I'm not sure how you spell the name of the bugs to which I refer, but it's either one of those. I really don't want to Google because I know images will be at the top of the results.

The sight of these things produce tears and hyperventilation. I think the fear may have started from about the age of seven or eight. Then, I woke up, in my pretty little pink silk gown (I remember because it was so awful...) and saw a roach on my shoulder. When The Mummy (with Brendan Freiser) was released to DVD, my family and I watched it in the dark. I thought that my mind was playing a trick on me; I was sure that the scene with the flesheaters was messing with my head because I felt something crawling on my leg. I finally looked down to find a waterbug on me. I think both these events played into my fear of the bugs.

Even now, as I talk about them, I itch and I feel like they are crawling on my ears, chest, back and face. Clearly, they are not because I am writing this! But they just make my skin crawl. I just found two of them in a dish I was about to wash (I'm so glad I saw them before I grabbed the dish). I had to get my fiance to throw the water out of the dish, containing the bugs, and I told him I couldn't use the dish anymore. He wasn't too pleased. But I feel like the dish is ruined now. I won't be using it, and I don't want it washed with other dishes.

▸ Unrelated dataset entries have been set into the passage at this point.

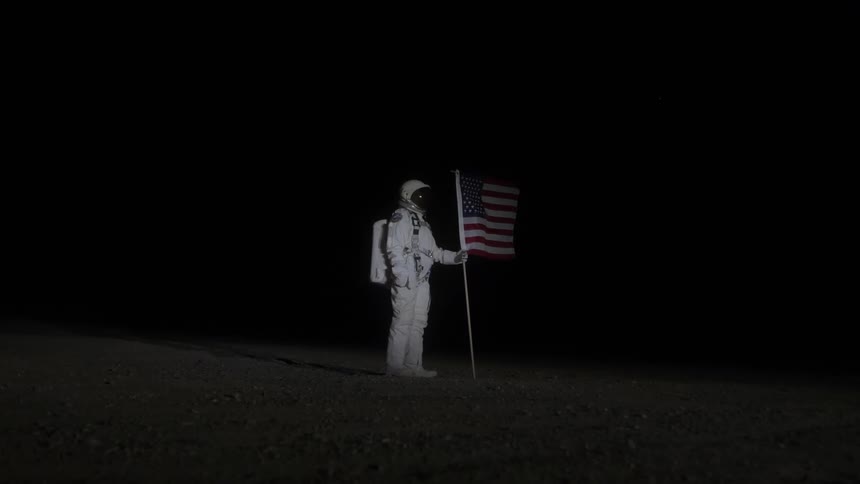 An astronaut stands on a barren surface holding the american flag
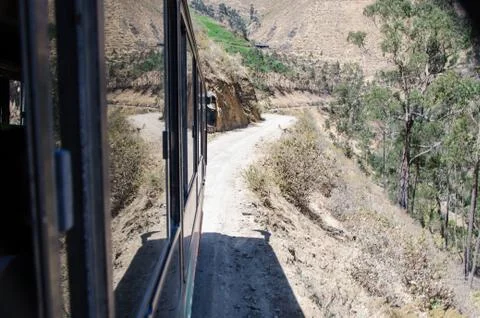 View through the window of a mountain road with forest on both sides Stock Photos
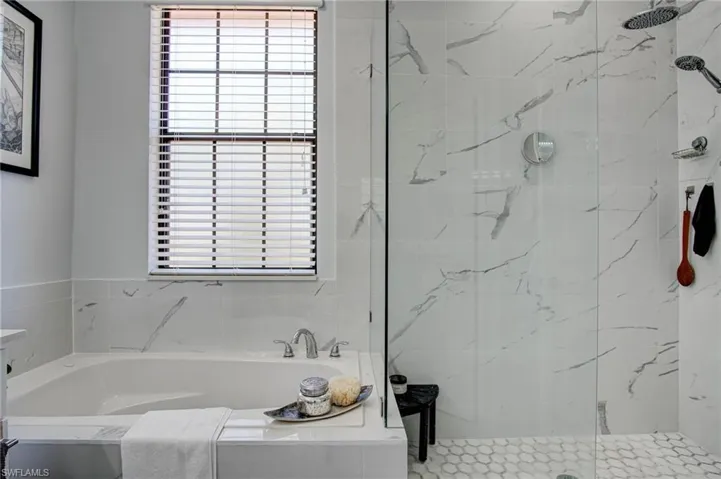 Bathroom with a healthy amount of sunlight and plus walk in shower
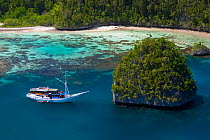 Bugis schooner, live-aboard dive vessel, at anchor in a limestone island lagoon, Uranie Island, Raja Ampat, West Papua, Indonesia.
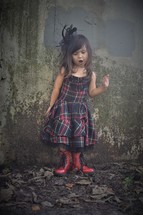 a little girl all dressed up standing in fall leaves 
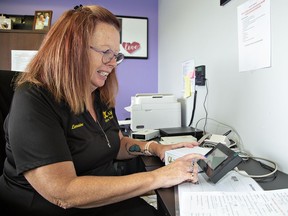 Lorraine Pderesen, vice-president of Alpha Micro Tech Inc. tests one of the firm’s units before shipping it out.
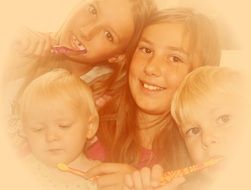 four children brushing their teeth together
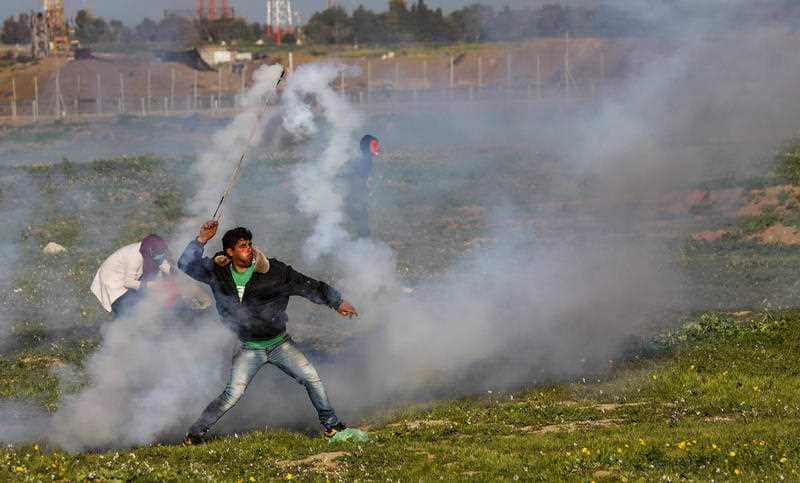 A Palestinian seen using a slingshot to throw a gas canister back to Israeli soldiers during a clash last year.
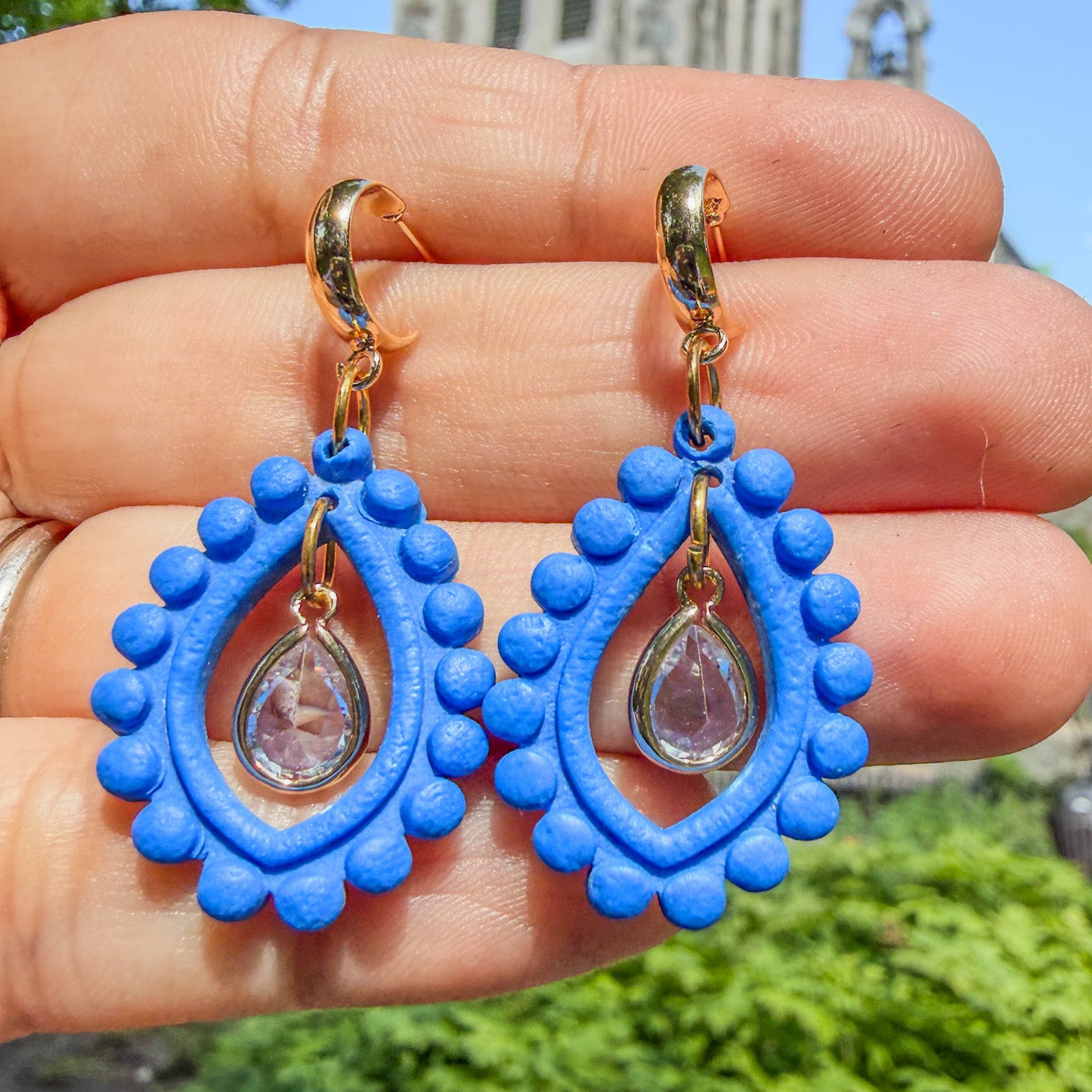 Boucles d’oreilles Qatra – Gouttes de lumière : pendentifs bleu cobalt bordés de perles d’argile et gouttes irisées, tenus dans la main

I can hear these bugs a mile away. My family is amazed because I will tell them that I hear one (or a few). They don't believe me until one finally comes out, scaling the walls. It's almost like I've developed a better sense of hearing, so that the nasty things can't take me by surprise. I've seen these things spin around in c***les, jump, and I know it may sound ridiculous, but I just find it out how... wherever I am, waterbugs are too. They've been around for a long time and for good reason; they are not dumb things. They are shiny and quick. As ridiculous, again, as it sounds, the shininess freaks me out.

Is this really a phobia? I can't see where it makes me live differently. It doesn't interfere with my life. However, I itch, I look around constantly, and again, to see even one will cause crying and hyperventilation.

I don't want to be afraid anymore. I don't want to itch. I don't want to keep looking around, as I am doing even as I write this post. I'm really uncomfortable right now.